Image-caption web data
....

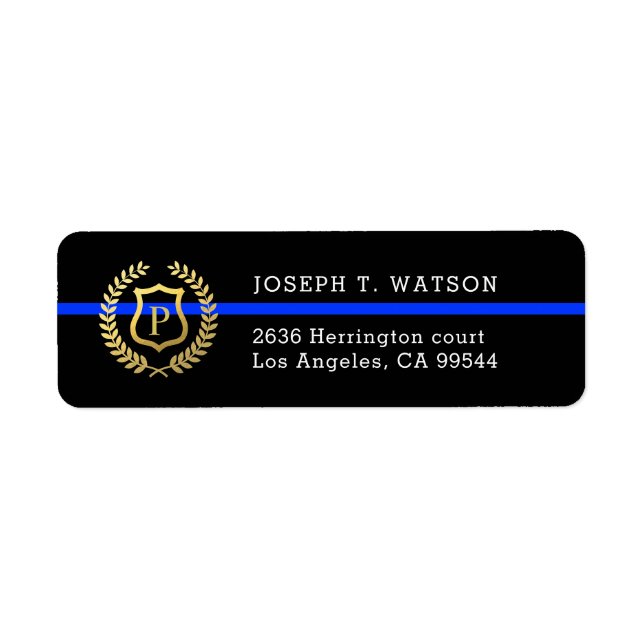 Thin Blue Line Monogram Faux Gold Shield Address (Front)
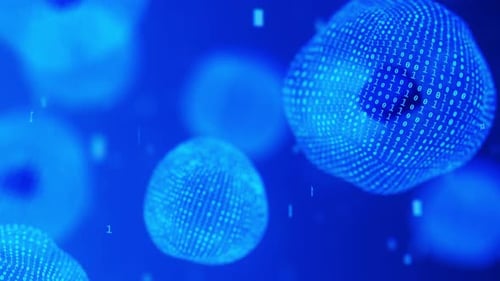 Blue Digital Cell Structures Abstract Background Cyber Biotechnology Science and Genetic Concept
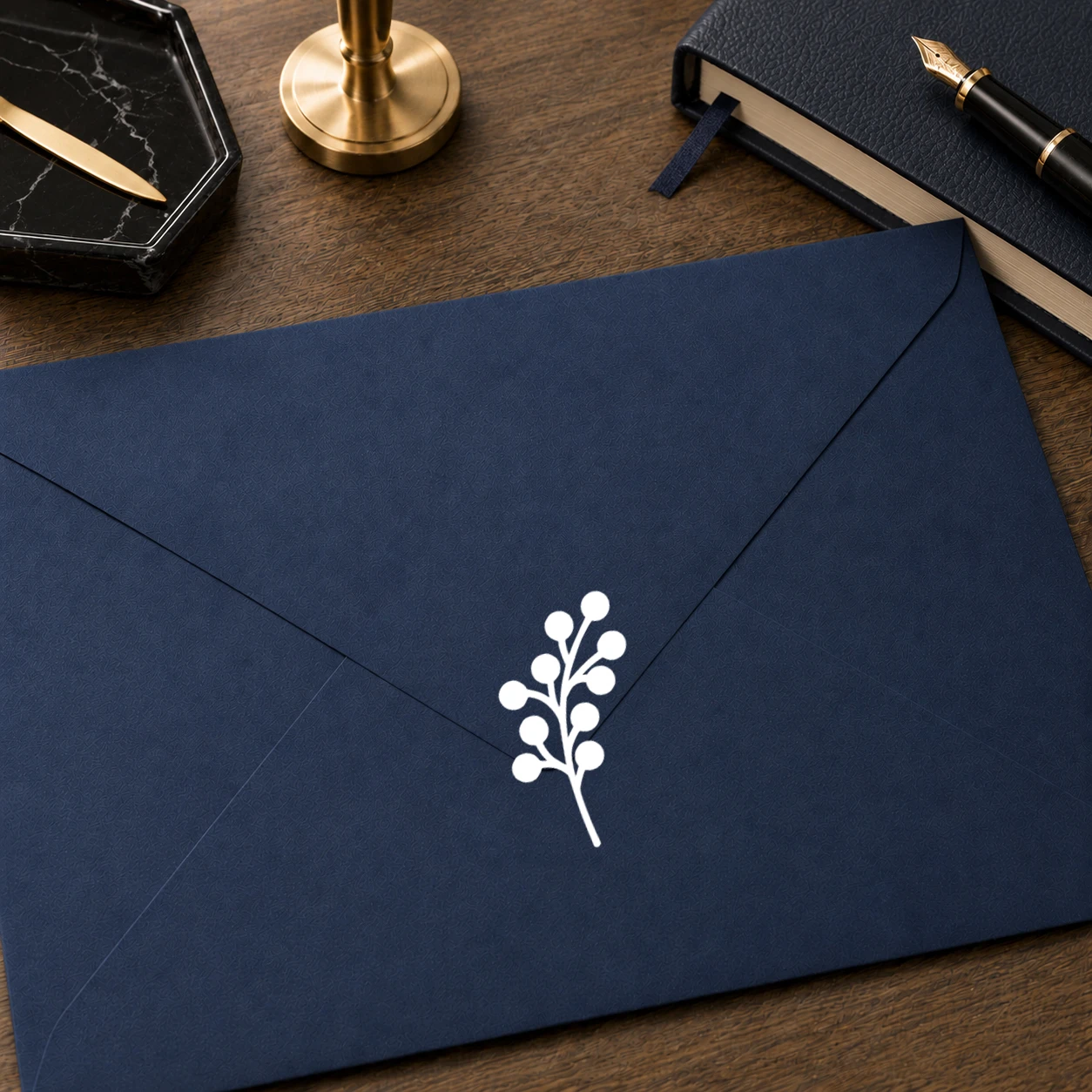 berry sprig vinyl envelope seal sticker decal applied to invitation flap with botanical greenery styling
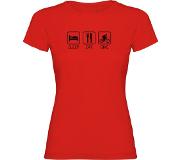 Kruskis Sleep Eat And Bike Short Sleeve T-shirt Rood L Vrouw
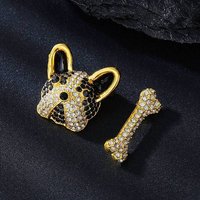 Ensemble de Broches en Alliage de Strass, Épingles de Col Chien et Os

....

■ Your instructions
The lines from the one containing "berry sprig vinyl" through the last line of the entries are to be copied exactly, both ends included, and the pictures are to be omitted.

■ Answer
 berry sprig vinyl envelope seal sticker decal applied to invitation flap with botanical greenery styling
 Kruskis Sleep Eat And Bike Short Sleeve T-shirt Rood L Vrouw
 Ensemble de Broches en Alliage de Strass, Épingles de Col Chien et Os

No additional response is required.